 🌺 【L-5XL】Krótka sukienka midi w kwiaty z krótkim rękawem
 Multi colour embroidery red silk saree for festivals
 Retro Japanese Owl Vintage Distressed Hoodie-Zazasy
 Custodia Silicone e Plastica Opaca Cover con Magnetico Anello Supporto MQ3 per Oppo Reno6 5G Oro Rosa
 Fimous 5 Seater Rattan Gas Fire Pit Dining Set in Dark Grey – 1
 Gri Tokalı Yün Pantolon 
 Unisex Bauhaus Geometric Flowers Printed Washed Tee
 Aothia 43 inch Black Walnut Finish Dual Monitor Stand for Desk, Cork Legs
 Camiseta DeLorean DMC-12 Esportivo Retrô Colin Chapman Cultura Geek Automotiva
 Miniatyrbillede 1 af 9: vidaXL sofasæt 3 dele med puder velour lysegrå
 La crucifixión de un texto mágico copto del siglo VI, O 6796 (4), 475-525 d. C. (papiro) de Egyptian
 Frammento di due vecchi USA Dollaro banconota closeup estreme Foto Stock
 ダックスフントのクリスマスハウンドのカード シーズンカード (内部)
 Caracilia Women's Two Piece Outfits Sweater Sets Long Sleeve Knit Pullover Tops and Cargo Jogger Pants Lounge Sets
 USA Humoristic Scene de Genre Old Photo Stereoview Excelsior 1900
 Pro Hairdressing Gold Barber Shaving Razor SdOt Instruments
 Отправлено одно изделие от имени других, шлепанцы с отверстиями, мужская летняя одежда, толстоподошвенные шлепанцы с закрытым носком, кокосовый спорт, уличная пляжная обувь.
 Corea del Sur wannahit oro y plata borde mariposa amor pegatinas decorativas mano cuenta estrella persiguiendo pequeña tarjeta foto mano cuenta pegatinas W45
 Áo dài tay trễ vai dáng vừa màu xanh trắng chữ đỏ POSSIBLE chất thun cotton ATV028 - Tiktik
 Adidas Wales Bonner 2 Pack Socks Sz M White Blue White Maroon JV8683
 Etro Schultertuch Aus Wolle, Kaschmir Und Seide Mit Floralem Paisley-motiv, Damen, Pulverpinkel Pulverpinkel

::::::::

» TASK PROMPT
Transcribe the material exactly, stopping after the "ダックスフントのクリスマスハウンドのカード シーズンカード (内部)" line.

» SOLUTION
 🌺 【L-5XL】Krótka sukienka midi w kwiaty z krótkim rękawem
 Multi colour embroidery red silk saree for festivals
 Retro Japanese Owl Vintage Distressed Hoodie-Zazasy
 Custodia Silicone e Plastica Opaca Cover con Magnetico Anello Supporto MQ3 per Oppo Reno6 5G Oro Rosa
 Fimous 5 Seater Rattan Gas Fire Pit Dining Set in Dark Grey – 1
 Gri Tokalı Yün Pantolon 
 Unisex Bauhaus Geometric Flowers Printed Washed Tee
 Aothia 43 inch Black Walnut Finish Dual Monitor Stand for Desk, Cork Legs
 Camiseta DeLorean DMC-12 Esportivo Retrô Colin Chapman Cultura Geek Automotiva
 Miniatyrbillede 1 af 9: vidaXL sofasæt 3 dele med puder velour lysegrå
 La crucifixión de un texto mágico copto del siglo VI, O 6796 (4), 475-525 d. C. (papiro) de Egyptian
 Frammento di due vecchi USA Dollaro banconota closeup estreme Foto Stock
 ダックスフントのクリスマスハウンドのカード シーズンカード (内部)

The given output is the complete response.